Komparasi antara Ujub dan Riya’ bisa kita lihat sebagai berikut:
- Perbedaan
- Letak kesyirikan
Riya’: Syiriknya riya’ berkaitan dengan orang lain, yaitu menyekutukan Allah ﷻ dengan orang lain. Sederhananya, ketika seseorang beribadah, maka dia ingin dipuji oleh Allah ﷻ dan juga dipuji oleh manusia, maka dengan demikian dia telah menyekutukan Allah dengan manusia.
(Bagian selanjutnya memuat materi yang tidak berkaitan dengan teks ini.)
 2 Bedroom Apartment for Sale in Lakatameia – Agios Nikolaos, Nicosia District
Ujub: Syiriknya ujub berkaitan dengan diri sendiri, yaitu menyekutukan Allah ﷻ dengan diri sendiri. Maksudnya adalah dengan seseorang merasa bahwa keberhasilan yang dia raih merupakan hasil kerja sama antara Allah dengan dirinya, maka dia telah menyekutukan Allah ﷻ dengan dirinya.
- Tauhid yang dirusak
Riya’: Syirik yang dilakukan karena riya’ berkaitan dengan tauhid uluhiyah. Tauhid uluhiyah dalam hal ini rusak karena yang asalnya ibadah hanya untuk Allah, namun ternyata diperuntukkan untuk selain Allah ﷻ pula, yaitu pengakuan dan pujian manusia.
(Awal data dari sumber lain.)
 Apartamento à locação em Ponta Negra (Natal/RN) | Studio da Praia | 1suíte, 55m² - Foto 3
Ujub: Syirik yang dilakukan karena ujub berkaitan tauhid rububiyah. Tauhid rububiyah adalah tauhid tentang meyakini bahwasanya hanya Allah ﷻ yang bisa menolong hamba dan menentukan segala keberhasilan. Tauhid rububiyah dalam hal ini rusak karena yang asalnya semua keberhasilan asalnya dari Allah, namun ternyata seseorang merasa bahwa keberhasilan yang dia raih adalah hasil kerja sama antara dia dengan Allah ﷻ.
- Amalan yang mengenainya
Riya’: Penyakit riya’ hanya bisa mengenai amal-amal saleh. Riya’ hanya bisa berkaitan dengan amal saleh seperti salat, sedekah, haji, umrah, dakwah, hafalan dan bacaan Al-Qur’an, dan amal saleh lainnya. Namun, riya’ tidak pada perkara-perkara duniawi, yaitu seseorang tidak dikatakan riya’ dengan nasab, paras yang indah, atau harta.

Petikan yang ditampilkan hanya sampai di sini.